Highlights
– Bedside nurse-documented ICDSC using the standard cutoff (≥4) had only moderate agreement with trained researcher CAM-ICU assessments (Cohen’s kappa = 0.42) in 1,535 matched assessments from 279 ICU patients.
– A logistic model incorporating individual ICDSC items and clinical variables (mechanical ventilation status, admission SOFA) predicted researcher-identified delirium with good discrimination (AUC = 0.87) and a cross-validated F1 score of 0.72.
– Simpler models with limited ICDSC information still improved performance versus the standard ICDSC cutoff (cross-validated F1 = 0.60–0.70), suggesting avenues for pragmatic, EHR-based delirium phenotyping for research.
Background
Delirium is an acute, fluctuating disturbance in attention and cognition that affects up to half of critically ill patients and is independently associated with increased mortality, longer ICU and hospital length of stay, and long-term cognitive impairment. Current critical care guidelines recommend routine use of validated bedside screening tools—principally the Confusion Assessment Method for the ICU (CAM-ICU) and the Intensive Care Delirium Screening Checklist (ICDSC)—to detect delirium in mechanically ventilated and nonventilated patients alike.
Despite validation studies showing good psychometric properties for both tools, real-world bedside documentation by nurses often shows variable agreement with researcher-administered reference-standard assessments. This gap limits the utility of routine clinical delirium documentation for observational research, quality measurement, and pragmatic trials conducted using electronic health records (EHRs).
Study design
Setting and population
Toth et al. analyzed prospectively collected, matched daily delirium assessments from critically ill adults with acute respiratory failure or sepsis admitted to intensive care units in a large academic health system in southwestern Pennsylvania. Between bedside nurses and trained researchers, paired assessments were used to compare delirium ascertainment.
Assessments and reference standard
Bedside nurses documented the ICU Delirium Screening Checklist (ICDSC) in routine care. Trained research staff performed CAM-ICU assessments, which served as the reference standard for the analyses. Assessments were matched temporally (same ICU day) and limited to noncomatose patients for the primary analyses.
Analytic approach
The authors first compared delirium classification by the established ICDSC cutoff (ICDSC ≥ 4 = delirium) with the CAM-ICU, quantifying agreement using Cohen’s kappa. They then developed logistic regression models to predict a positive CAM-ICU using varying degrees of ICDSC information and readily available clinical variables: components of the ICDSC (individual item scores), mechanical ventilation status, and admission Sequential Organ Failure Assessment (SOFA) score. Models were internally validated using ten-fold cross-validation and evaluated with discrimination metrics (AUC) and F1 scores to balance sensitivity and precision. Sensitivity analyses assessed performance of models using more limited ICDSC information to simulate scenarios where full item-level data might not be available in an EHR.
Key findings
Study sample: 1,535 matched nurse-to-researcher assessments from 279 patients.

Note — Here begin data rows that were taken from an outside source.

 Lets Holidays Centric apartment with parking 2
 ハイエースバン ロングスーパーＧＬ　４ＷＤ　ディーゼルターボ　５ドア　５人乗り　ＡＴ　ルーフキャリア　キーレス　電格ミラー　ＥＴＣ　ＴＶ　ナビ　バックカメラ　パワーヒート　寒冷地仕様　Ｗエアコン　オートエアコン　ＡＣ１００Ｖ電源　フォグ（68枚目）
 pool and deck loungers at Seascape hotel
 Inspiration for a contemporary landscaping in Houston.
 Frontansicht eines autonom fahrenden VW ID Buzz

Agreement using established ICDSC cutoff
Using the standard ICDSC threshold (≥4) produced only moderate agreement with researcher-administered CAM-ICU assessments (Cohen’s kappa = 0.42). This finding echoes prior reports that simple dichotomization of bedside ICDSC scores can misclassify delirium compared with research-standard evaluations.
Model-informed prediction
The most comprehensive logistic regression model—leveraging individual ICDSC item data plus mechanical ventilation status and admission SOFA—achieved good discrimination for predicting a positive CAM-ICU (AUC = 0.87). Performance was stable in internal validation (ten-fold cross-validation), with an F1 score of 0.72, indicating an encouraging balance of sensitivity and positive predictive value.

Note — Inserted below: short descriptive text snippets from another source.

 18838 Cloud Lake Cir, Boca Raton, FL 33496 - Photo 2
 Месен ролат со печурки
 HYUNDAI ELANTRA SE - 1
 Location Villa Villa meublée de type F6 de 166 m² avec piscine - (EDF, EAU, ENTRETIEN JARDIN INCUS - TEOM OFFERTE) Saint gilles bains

Simpler models and sensitivity analyses
When item-level ICDSC information was restricted (simulating partial documentation in some EHR contexts), classification performance decreased but remained clinically useful (cross-validated F1 scores 0.60–0.70). Importantly, the conventional ICDSC cutoff model had the lowest predictive performance among the evaluated approaches.

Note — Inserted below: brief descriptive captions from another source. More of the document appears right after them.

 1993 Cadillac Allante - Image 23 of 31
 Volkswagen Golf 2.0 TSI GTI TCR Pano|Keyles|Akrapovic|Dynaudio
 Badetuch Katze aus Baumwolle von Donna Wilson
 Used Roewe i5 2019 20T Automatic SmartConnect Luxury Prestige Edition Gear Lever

Interpretation of effect sizes
Although the study report focuses on discrimination and F1 rather than raw sensitivity/specificity pairs for all models, the substantial improvement in AUC and F1 indicates that incorporating clinical context (mechanical ventilation, organ dysfunction) and item-level delirium features meaningfully reduces misclassification versus relying on the ICDSC cutoff alone.
Expert commentary and implications
Clinical relevance: Routine nurse documentation of delirium is essential for bedside care and quality monitoring, but as this study demonstrates, raw ICDSC scores—particularly dichotomized by a single cutoff—do not perfectly align with researcher CAM-ICU assessments. For investigators and health systems that rely on EHR-documented delirium to study outcomes, implement performance metrics, or trigger interventions, improved phenotyping methods are needed.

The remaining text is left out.